FIND: A Simple yet Effective Baseline for Diffusion-Generated Image Detection
This addresses the critical detection challenge posed by realistic diffusion-generated images, offering a practical and efficient solution for content verification, though it is incremental as it builds on prior work using reconstruction errors.
The paper tackles the problem of detecting images generated by diffusion models by proposing FIND, a method that uses a simple binary classifier with noise augmentation to distinguish real from synthetic images based on Gaussian distribution fitting, achieving an 11.7% performance improvement on the GenImage benchmark and running 126x faster than existing methods.
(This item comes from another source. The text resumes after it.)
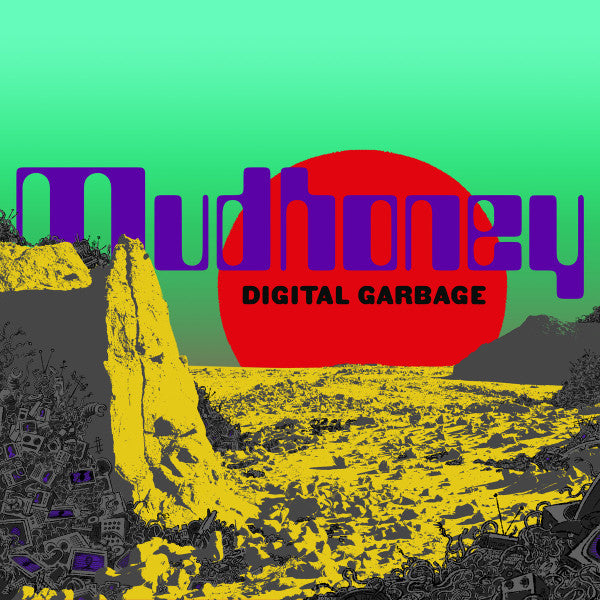 Mudhoney- Digital Garbage (Green Sea Form)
The remarkable realism of images generated by diffusion models poses critical detection challenges. Current methods utilize reconstruction error as a discriminative feature, exploiting the observation that real images exhibit higher reconstruction errors when processed through diffusion models. However, these approaches require costly reconstruction computations and depend on specific diffusion models, making their performance highly model-dependent. We identify a fundamental difference: real images are more difficult to fit with Gaussian distributions compared to synthetic ones. In this paper, we propose Forgery Identification via Noise Disturbance (FIND), a novel method that requires only a simple binary classifier. It eliminates reconstruction by directly targeting the core distributional difference between real and synthetic images. Our key operation is to add Gaussian noise to real images during training and label these noisy versions as synthetic. This step allows the classifier to focus on the statistical patterns that distinguish real from synthetic images. We theoretically prove that the noise-augmented real images resemble diffusion-generated images in their ease of Gaussian fitting. Furthermore, simply by adding noise, they still retain visual similarity to the original images, highlighting the most discriminative distribution-related features. The proposed FIND improves performance by 11.7% on the GenImage benchmark while running 126x faster than existing methods. By removing the need for auxiliary diffusion models and reconstruction, it offers a practical, efficient, and generalizable way to detect diffusion-generated content.